For the first time since the 90s

Highly destructive locust swarms spotted in parts of Vidarbha, India

A large swarm of desert locusts is underway in parts of Vidarbha, forming a major threat to the orange orchards in the area. Officers of the agriculture department said this will be the first time since the 1990s that the state has reported such an attack.

Since early April, parts of Gujarat, Rajasthan and Punjab have reported sightings of the migratory and highly destructive desert locust, Schistocerca gregaria. This early sighting — the pest is normally sighted along the Indo-Pakistan border in July-October — has alerted the authorities of the dangers that lie ahead in this season. These short-horned grasshoppers are innocuous when solitary, but highly destructive when they in a swarm, and can migrate large distances in a short frame of time.

Being polyphagous (able to feed on different kinds of food) in nature, the pests destroy every single bit of greenery on their way. A square kilometre of an area can accommodate 40 to 80 million of them.

In the absence of any standing crop, the desert locust is feeding on the green cover of the area.
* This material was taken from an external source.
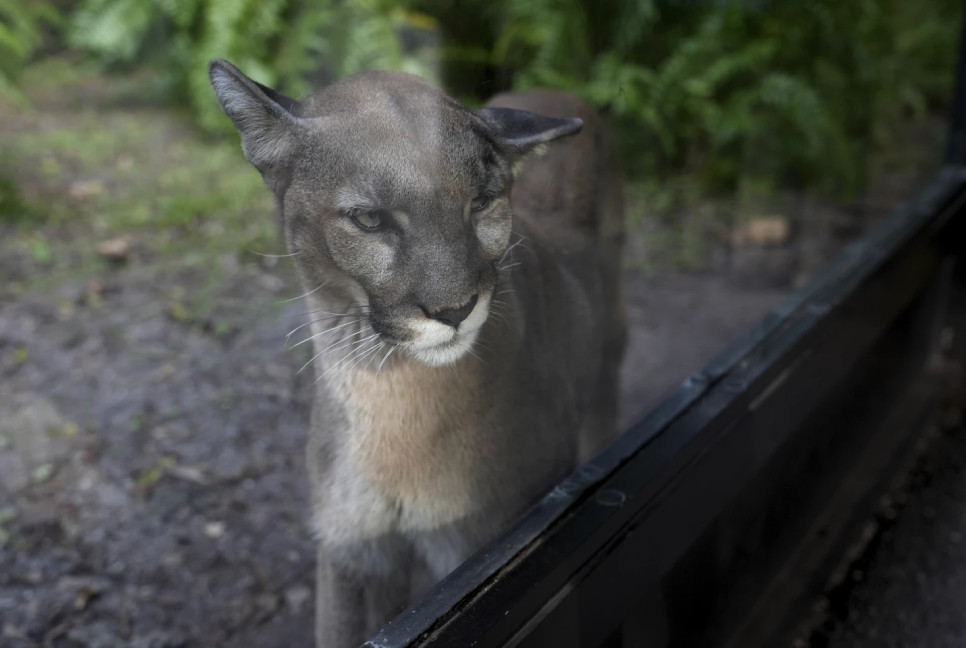 Animals and plants losing their genetic diversity, making them more vulnerable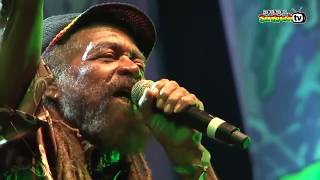 John Holt - Police In Helicopter (Live at Rototom Sunsplash 2013 HD)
At threat are the orange orchards in the area, which have not faced such a crisis in a long time.

Sridhar Thakare, executive director of Mahaorange, which is the orange growers’ cooperative in the area, said it must be after 60 years such attack had been detected. “Control operations are on but if the swarm continues to grow, more than 151,000 hectares of orange orchards could get destroyed,” he said.